Pictures with short captions:
==================================================
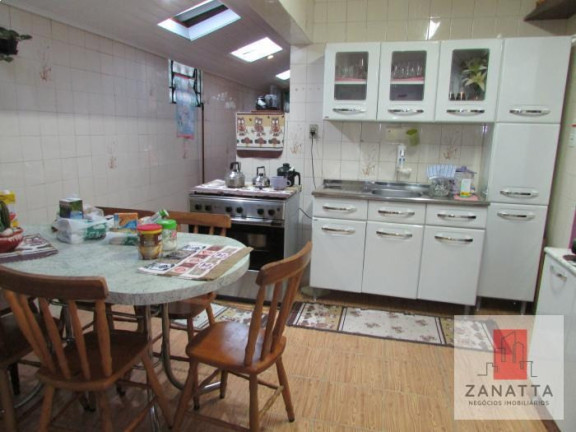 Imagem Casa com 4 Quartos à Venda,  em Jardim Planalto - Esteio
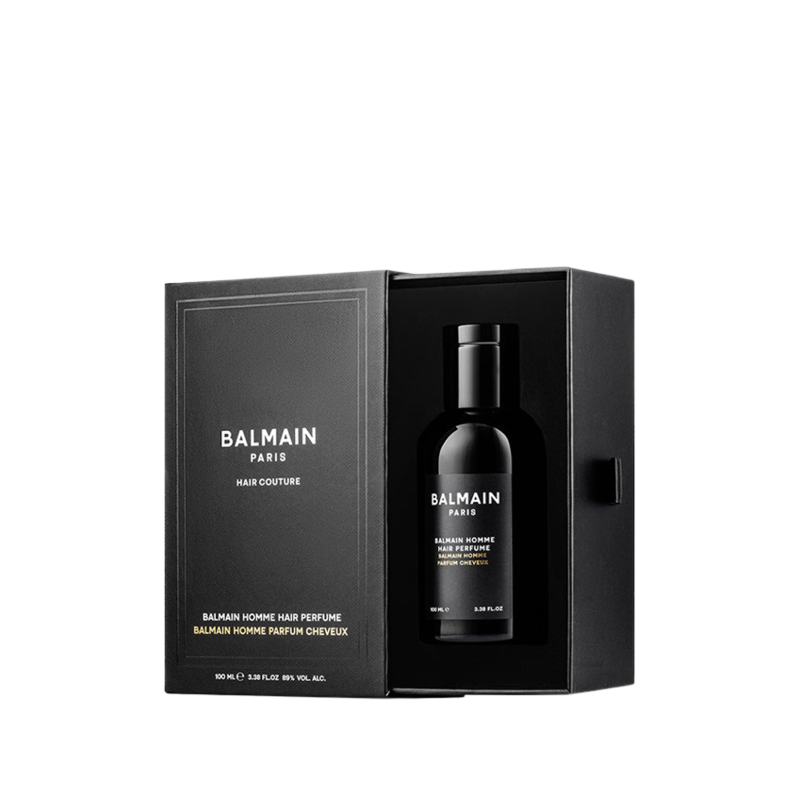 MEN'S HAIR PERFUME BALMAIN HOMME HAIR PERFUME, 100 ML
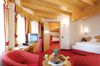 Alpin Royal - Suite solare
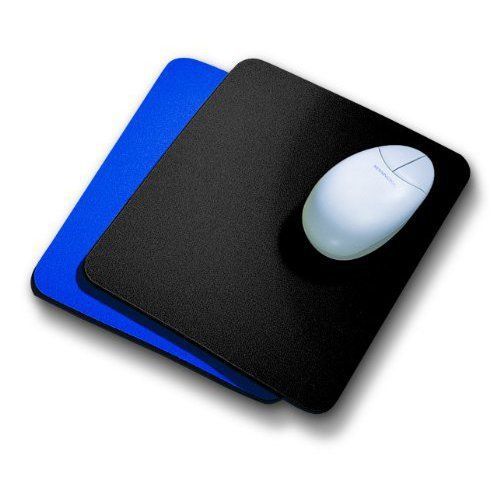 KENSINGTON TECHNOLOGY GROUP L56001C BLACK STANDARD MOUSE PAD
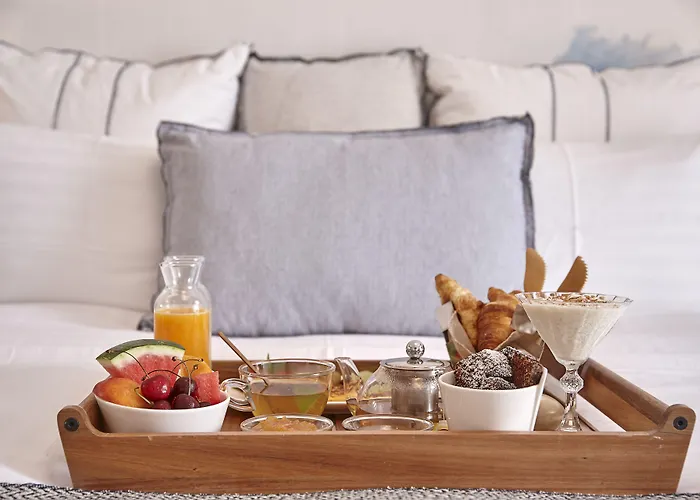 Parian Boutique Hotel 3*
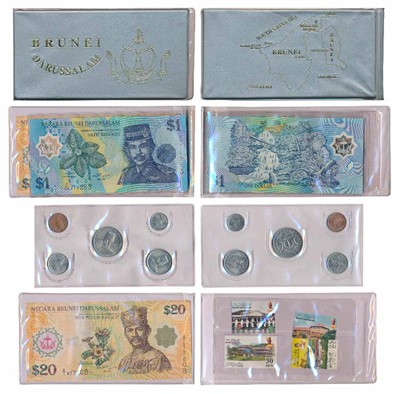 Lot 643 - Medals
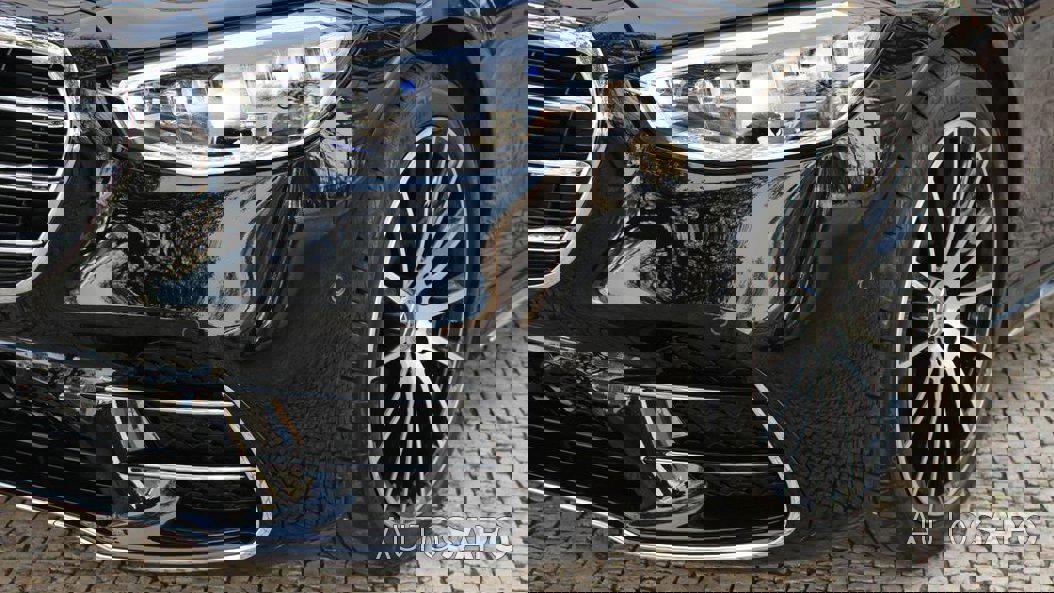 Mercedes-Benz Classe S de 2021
==================================================
Could you write out exactly the lines running from the one with "KENSINGTON TECHNOLOGY GROUP" through the last line of the data above, both ends kept, and omit any picture?

 KENSINGTON TECHNOLOGY GROUP L56001C BLACK STANDARD MOUSE PAD
 Parian Boutique Hotel 3*
 Lot 643 - Medals
 Mercedes-Benz Classe S de 2021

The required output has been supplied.